Since the medieval era, these forms have become increasingly a blend of form and function; and in some cases form for its own sake. Increasingly inventive, and in some cases utterly breathtaking.
In the modern era, we’ve taken these to incredible heights: materials science in furniture, impossible fabrics and designs in clothing, molecular gastronomy in fine dining, 3D printing in building... these sort of third-wave developments either redefine the boundaries of utility, or strike emotional chords (or both).
More modern forms of art / craft went through similar waves. Photography started with taking a picture of your family, then iconic photo shoots blended form and function, and now we have breathtaking possibility (HDR photography, DSLR-quality photos in your iPhone). Automobiles went from “it will get you from point A to B” to the rise of beautiful, powerful European vehicles… to breathtaking innovation both in the form of modern EVs and luxury supercars.
All of these forms eventually reach a natural steady state:
The barriers to entry have collapsed: anyone can 3D print, invent flavors, or shoot professional-grade photos on their phone.
A new hierarchy emerges: the elite know each other’s work (Michelin-starred chefs, Ferrari engines, bespoke clothing...). Luxury develops its own set of tells.
Or to quote Ratatouille:
We’re similarly speedrunning this with software:
1940 – 1990: the engineering era (get it working)

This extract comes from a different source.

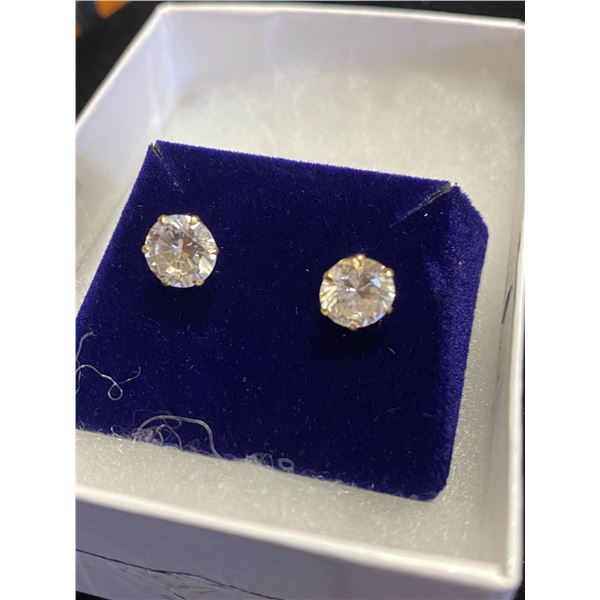 10K earrings no backings 1.2grams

1990 – 2020: the usability era (form + function)
2020+: the breathtaking era (functional art)
In the last few years we’ve started seeing the rise of truly beautiful software (a non-exclusive list of examples: Linear, Notion, Mercury visually; Ramp, Cursor, Superhuman in reinventing intuitive workflows; Rippling, Zapier in ambitious architecture). I think this is just the initial wave. All these companies were formed in the last ~10 years.
It’s pretty clear to me that software is making that leap from functional → form + function → art form.
As with all functional art forms, the frontier is defined by software that expands what’s possible, and by software that makes you *feel*. And every so often… you find one that does both.